Authors: Deb Caletti
My husband is gone
.
“God,” I say. “Ian.” I can hardly believe it. I just … It’s impossible.
“That stuff we drank probably didn’t help. My head feels full of fluff.” She rubs her eyes. “I can make you some breakfast. Pancakes?”
“We’ve got forty pounds of baked stuff. Banana bread …” That fact also comes rushing back.
“Cinnamon rolls, oatmeal–raisin cookies …” She counts on her fingers. “I need coffee.”
Pollux trots in at the sound of voices. He puts his paws up on the side of the bed, looks at me hard.
“Okay, I know,” I tell him.
I put on my robe. I grab my phone, which I’d placed next to my pillow the night before. Nathan Benjamin, that’s right. My stomach flips in dread. I’ll be meeting him that afternoon.

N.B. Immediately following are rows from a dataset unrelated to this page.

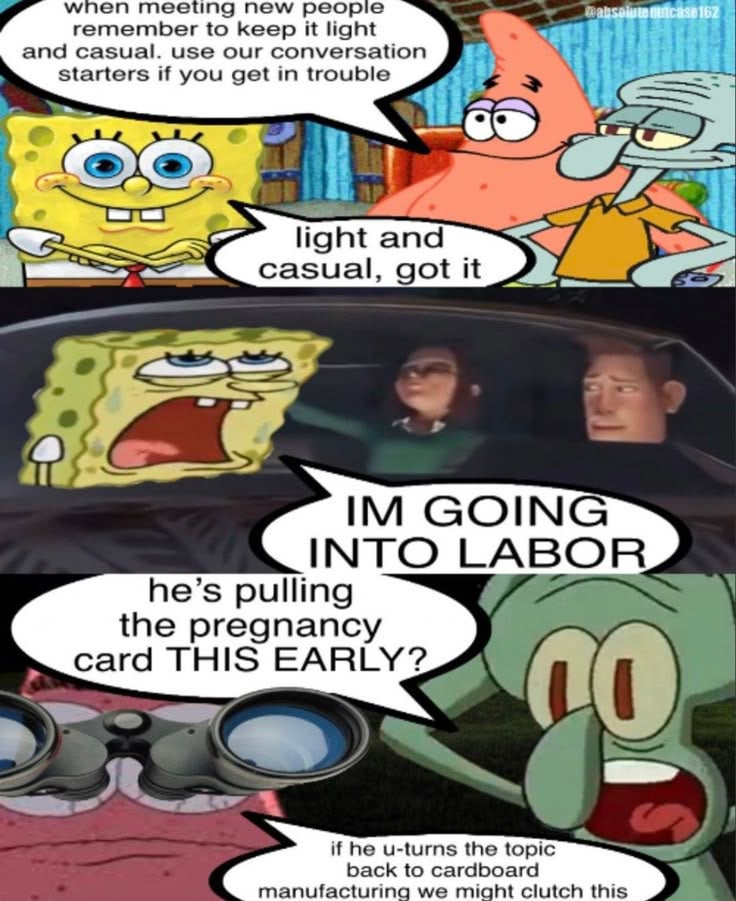 yes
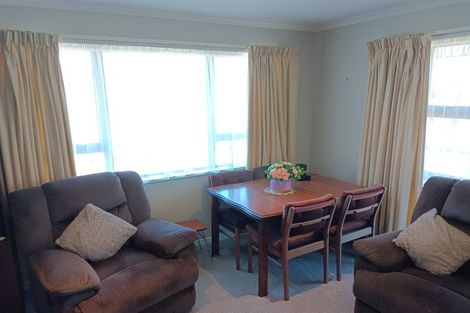 Photo of property in 21d Mill Street, Westport, 7825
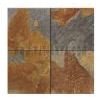 rustic slate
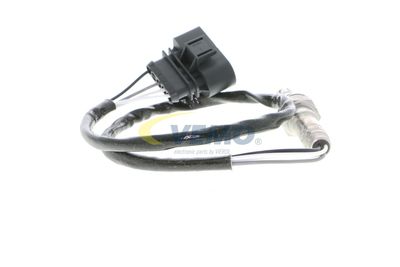 SONDA LAMBDA VEMO V25760019 43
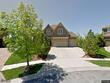 16620 birch st, stilwell,  KS 66085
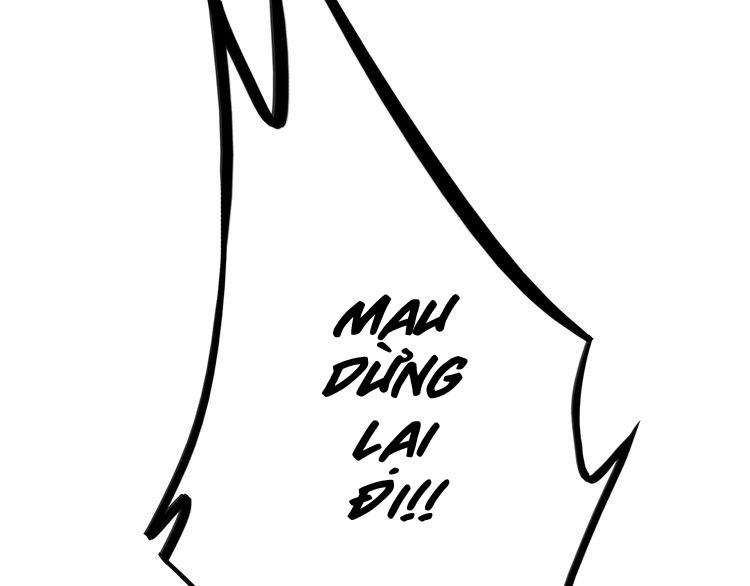 Con Tim Rung Động: Chapter 17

I don’t know why I do it, but after I get up, after I let Pollux out, I go to Ian’s closet. I run my hand across the row of colored dress shirts. I choose one and put my face to it, sniffing deeply. I don’t do it because I’m longing for the lost, missed scent of him. No. I know it’s crazy. But I’m wondering if I just might find the lingering smell of perfume.
After that first time I lied to Mark, Ian and I began to meet regularly. Oh, those were intoxicating days. I was elevated by love. I felt connected to all people and things, struck by our common humanity and the beauty of it. I’d see the moms and dads at Target buying stuff to play Easter Bunny, and it would feel so damn sweet. I’d go to the garden department of some store and I’d take it all in, the abundance of flowers, the fat bags of bark, us folks with our endlessly optimistic desire to grow things. I noticed the big and small all around me—the lovely curve of orange peels, the bittersweet tenderness of twilight. I wanted to be a better person, certainly better than the one I was being then.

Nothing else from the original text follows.